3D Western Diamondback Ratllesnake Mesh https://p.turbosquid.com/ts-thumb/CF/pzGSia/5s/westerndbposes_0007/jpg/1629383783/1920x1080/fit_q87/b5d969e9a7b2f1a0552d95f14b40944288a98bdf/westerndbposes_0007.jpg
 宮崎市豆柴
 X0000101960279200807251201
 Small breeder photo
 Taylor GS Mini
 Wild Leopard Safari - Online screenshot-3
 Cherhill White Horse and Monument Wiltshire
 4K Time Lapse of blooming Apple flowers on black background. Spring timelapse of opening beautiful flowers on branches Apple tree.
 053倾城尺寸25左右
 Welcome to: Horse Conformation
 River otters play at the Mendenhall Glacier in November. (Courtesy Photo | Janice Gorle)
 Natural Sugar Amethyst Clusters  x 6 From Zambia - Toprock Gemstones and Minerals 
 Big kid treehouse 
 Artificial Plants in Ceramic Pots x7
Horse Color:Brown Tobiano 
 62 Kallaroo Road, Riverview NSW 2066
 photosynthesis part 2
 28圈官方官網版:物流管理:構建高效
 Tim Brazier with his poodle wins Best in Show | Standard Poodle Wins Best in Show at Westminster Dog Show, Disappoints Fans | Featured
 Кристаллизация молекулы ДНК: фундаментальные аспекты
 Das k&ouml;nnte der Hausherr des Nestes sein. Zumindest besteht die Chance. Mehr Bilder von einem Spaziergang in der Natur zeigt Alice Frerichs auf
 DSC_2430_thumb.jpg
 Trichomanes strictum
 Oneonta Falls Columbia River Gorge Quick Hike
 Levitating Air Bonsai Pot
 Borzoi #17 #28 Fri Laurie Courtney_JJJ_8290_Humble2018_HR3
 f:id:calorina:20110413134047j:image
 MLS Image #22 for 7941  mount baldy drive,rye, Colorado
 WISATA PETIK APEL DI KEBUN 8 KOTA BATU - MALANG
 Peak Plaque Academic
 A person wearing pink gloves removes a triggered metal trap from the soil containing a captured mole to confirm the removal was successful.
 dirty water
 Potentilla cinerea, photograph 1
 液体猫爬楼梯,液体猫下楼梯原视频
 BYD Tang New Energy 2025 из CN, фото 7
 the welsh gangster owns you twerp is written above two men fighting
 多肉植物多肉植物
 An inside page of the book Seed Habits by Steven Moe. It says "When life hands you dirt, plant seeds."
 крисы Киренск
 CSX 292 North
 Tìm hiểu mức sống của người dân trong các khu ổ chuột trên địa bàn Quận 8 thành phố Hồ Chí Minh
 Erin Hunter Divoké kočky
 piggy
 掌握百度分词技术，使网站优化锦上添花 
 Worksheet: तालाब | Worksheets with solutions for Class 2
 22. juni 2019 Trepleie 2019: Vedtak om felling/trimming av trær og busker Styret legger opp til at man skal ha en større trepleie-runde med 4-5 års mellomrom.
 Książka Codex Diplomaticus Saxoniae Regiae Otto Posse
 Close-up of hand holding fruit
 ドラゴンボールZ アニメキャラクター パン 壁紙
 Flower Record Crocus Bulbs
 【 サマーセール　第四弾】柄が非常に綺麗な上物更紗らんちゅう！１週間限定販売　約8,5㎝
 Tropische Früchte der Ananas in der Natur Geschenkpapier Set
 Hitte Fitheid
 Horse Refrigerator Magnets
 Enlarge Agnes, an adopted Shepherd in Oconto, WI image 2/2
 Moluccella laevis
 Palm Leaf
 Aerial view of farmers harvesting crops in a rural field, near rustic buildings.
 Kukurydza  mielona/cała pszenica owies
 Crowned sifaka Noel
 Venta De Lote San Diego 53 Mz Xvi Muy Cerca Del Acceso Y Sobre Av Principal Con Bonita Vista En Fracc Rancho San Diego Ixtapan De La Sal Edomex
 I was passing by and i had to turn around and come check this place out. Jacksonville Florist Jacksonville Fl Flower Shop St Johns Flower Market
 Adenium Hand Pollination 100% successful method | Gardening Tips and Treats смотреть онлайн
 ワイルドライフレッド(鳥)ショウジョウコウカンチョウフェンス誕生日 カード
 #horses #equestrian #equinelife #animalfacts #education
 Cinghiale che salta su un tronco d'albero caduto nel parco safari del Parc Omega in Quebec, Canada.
--------
- **WHAT YOU NEED TO DO**
Return the data exactly. Include every record.

- **YOUR RESPONSE**
3D Western Diamondback Ratllesnake Mesh https://p.turbosquid.com/ts-thumb/CF/pzGSia/5s/westerndbposes_0007/jpg/1629383783/1920x1080/fit_q87/b5d969e9a7b2f1a0552d95f14b40944288a98bdf/westerndbposes_0007.jpg
 宮崎市豆柴
 X0000101960279200807251201
 Small breeder photo
 Taylor GS Mini
 Wild Leopard Safari - Online screenshot-3
 Cherhill White Horse and Monument Wiltshire
 4K Time Lapse of blooming Apple flowers on black background. Spring timelapse of opening beautiful flowers on branches Apple tree.
 053倾城尺寸25左右
 Welcome to: Horse Conformation
 River otters play at the Mendenhall Glacier in November. (Courtesy Photo | Janice Gorle)
 Natural Sugar Amethyst Clusters  x 6 From Zambia - Toprock Gemstones and Minerals 
 Big kid treehouse 
 Artificial Plants in Ceramic Pots x7
Horse Color:Brown Tobiano 
 62 Kallaroo Road, Riverview NSW 2066
 photosynthesis part 2
 28圈官方官網版:物流管理:構建高效
 Tim Brazier with his poodle wins Best in Show | Standard Poodle Wins Best in Show at Westminster Dog Show, Disappoints Fans | Featured
 Кристаллизация молекулы ДНК: фундаментальные аспекты
 Das k&ouml;nnte der Hausherr des Nestes sein. Zumindest besteht die Chance. Mehr Bilder von einem Spaziergang in der Natur zeigt Alice Frerichs auf
 DSC_2430_thumb.jpg
 Trichomanes strictum
 Oneonta Falls Columbia River Gorge Quick Hike
 Levitating Air Bonsai Pot
 Borzoi #17 #28 Fri Laurie Courtney_JJJ_8290_Humble2018_HR3
 f:id:calorina:20110413134047j:image
 MLS Image #22 for 7941  mount baldy drive,rye, Colorado
 WISATA PETIK APEL DI KEBUN 8 KOTA BATU - MALANG
 Peak Plaque Academic
 A person wearing pink gloves removes a triggered metal trap from the soil containing a captured mole to confirm the removal was successful.
 dirty water
 Potentilla cinerea, photograph 1
 液体猫爬楼梯,液体猫下楼梯原视频
 BYD Tang New Energy 2025 из CN, фото 7
 the welsh gangster owns you twerp is written above two men fighting
 多肉植物多肉植物
 An inside page of the book Seed Habits by Steven Moe. It says "When life hands you dirt, plant seeds."
 крисы Киренск
 CSX 292 North
 Tìm hiểu mức sống của người dân trong các khu ổ chuột trên địa bàn Quận 8 thành phố Hồ Chí Minh
 Erin Hunter Divoké kočky
 piggy
 掌握百度分词技术，使网站优化锦上添花 
 Worksheet: तालाब | Worksheets with solutions for Class 2
 22. juni 2019 Trepleie 2019: Vedtak om felling/trimming av trær og busker Styret legger opp til at man skal ha en større trepleie-runde med 4-5 års mellomrom.
 Książka Codex Diplomaticus Saxoniae Regiae Otto Posse
 Close-up of hand holding fruit
 ドラゴンボールZ アニメキャラクター パン 壁紙
 Flower Record Crocus Bulbs
 【 サマーセール　第四弾】柄が非常に綺麗な上物更紗らんちゅう！１週間限定販売　約8,5㎝
 Tropische Früchte der Ananas in der Natur Geschenkpapier Set
 Hitte Fitheid
 Horse Refrigerator Magnets
 Enlarge Agnes, an adopted Shepherd in Oconto, WI image 2/2
 Moluccella laevis
 Palm Leaf
 Aerial view of farmers harvesting crops in a rural field, near rustic buildings.
 Kukurydza  mielona/cała pszenica owies
 Crowned sifaka Noel
 Venta De Lote San Diego 53 Mz Xvi Muy Cerca Del Acceso Y Sobre Av Principal Con Bonita Vista En Fracc Rancho San Diego Ixtapan De La Sal Edomex
 I was passing by and i had to turn around and come check this place out. Jacksonville Florist Jacksonville Fl Flower Shop St Johns Flower Market
 Adenium Hand Pollination 100% successful method | Gardening Tips and Treats смотреть онлайн
 ワイルドライフレッド(鳥)ショウジョウコウカンチョウフェンス誕生日 カード
 #horses #equestrian #equinelife #animalfacts #education
 Cinghiale che salta su un tronco d'albero caduto nel parco safari del Parc Omega in Quebec, Canada.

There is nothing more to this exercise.